Aucune étoile aussi lointaine
Les bibliothèques sont-elles capables de générations spontanées ? En retombant sur Aucune étoile aussi lointaine de Serge Lehman dans mes étagères, je me pose sérieusement la question. En effet, j’ai dû déjà avoir lu ce livre, j’ai souvenir de l’avoir déposé et sorti d’un carton au moins deux fois au cours de déménagements, mais… jusqu’à la relecture qui fait l’objet de cette chronique, je n’en gardais aucun souvenir. Il a fallu que je lise un autre livre parlant d’une autre œuvre de l’auteur pour que le nom me tape dans l’œil alors que je cherchais un space opera…
Et Aucune étoile aussi lointaine en est bien un formellement. Dans le fond, c’est le récit de la fin d’une ère… et des souvenirs qu’elle laisse. Tout commence sur une planète à l’autre bout de la galaxie où un jeune prince rêve de devenir un naute comme ses aïeuls et de parcourir les étoiles. Hélas, un système de portails instantanés – les toboggans de la Voie – met vite fin à ses rêves. L’heure des découvertes interstellaires n’est plus. Jusqu’au jour où… un vaisseau naufragé se réveille et l’embarque dans une chasse à travers les étoiles, sans jamais dépasser la vitesse de la lumière. Le vaisseau dit avoir besoin d’un pilote. Mais ne serait-ce pas plutôt ’un témoin et d’un conteur qu’il cherche ?
Et effectivement si la vie du prince et ses déambulations forment la trame principale du roman, celle-ci est entrecoupée par les différentes histoires que les gens lui racontent, toutes un mélange de vérités et de mensonges, et dont l’ensemble tisse le récit final.
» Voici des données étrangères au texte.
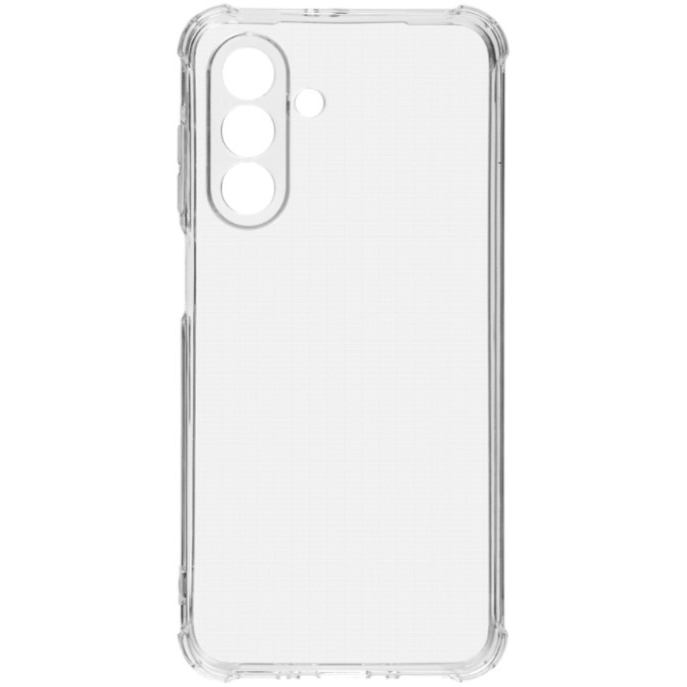 Чохол ARMORSTANDART Air Force для Samsung A26 5G Camera cover Clear (ARM82171)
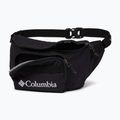 Columbia Zigzag Hip Pack 011 fekete 1890911 9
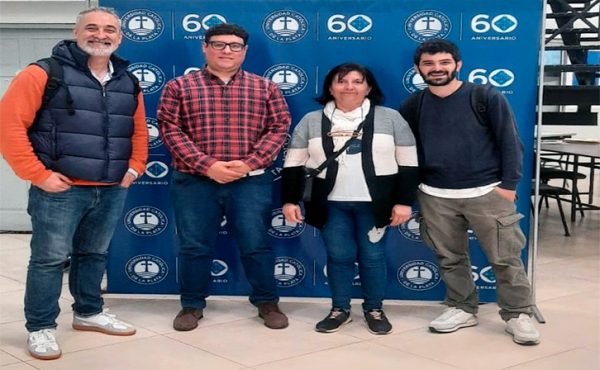 El Observatorio suma su grano de arena para el cuidado ambiental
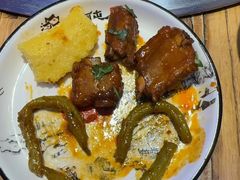 -山河屯铁锅炖(哈西站店)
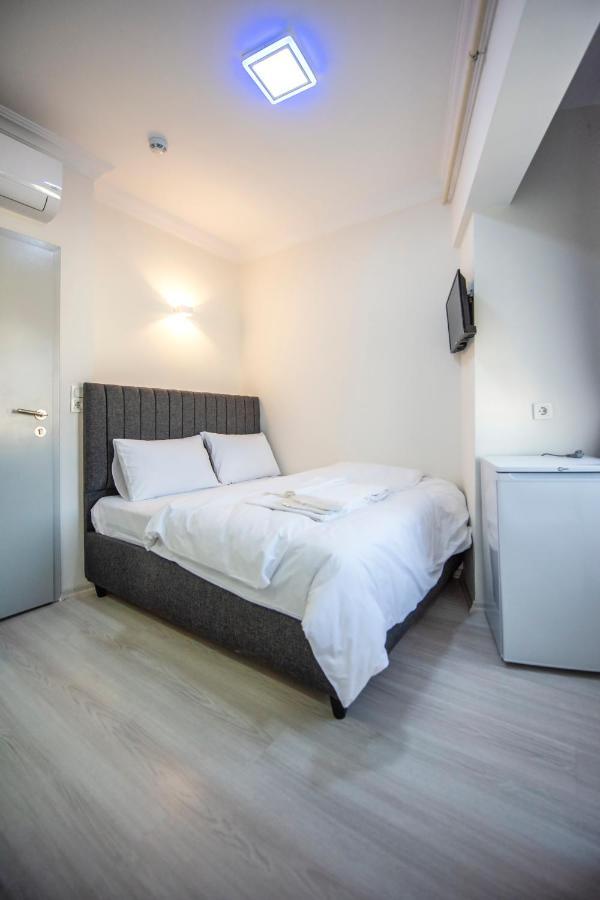 Leydi Boutique Hotel Adalar Exterior photo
Le tout pourrait être particulièrement captivant, sauf que… le personnage principal, le fameux prince, est assez effacé. Tout au long du récit et de ses huit mille ans de vie (cent vingt et quelques en mode subjectif), il n’a que peu d’obsessions : parcourir les étoiles – sans savoir pourquoi, se chamailler avec son vaisseau et les seins. Il est d’une passivité incroyable, ce qui fait que les sapiens qu’il croise lui racontent leurs histoires sans retenue, mais ce qui fait aussi que la lectrice a plus d’une fois envie de le prendre par le col et de le secouer pour qu’il se bouge enfin. En vain.
Pour autant, ai-je détesté ma lecture ? Non, au contraire, puisque je vous en parle ici. L’univers décrit par Serge Lehman est intéressant, avec des sapiens et des mondes variés. L’idée qui soutient l’univers – une racine et une histoire commune à l’ensemble des peuples – est également bien amenée et fait rêver. Mais le livre souffre des défauts de la SF francophone des années 90 (cf. la troisième obsession du prince), et de quelques longueurs. À découvrir en connaissance de cause, si vous voulez rêver aux étoiles, qu’elles soient lointaines ou non.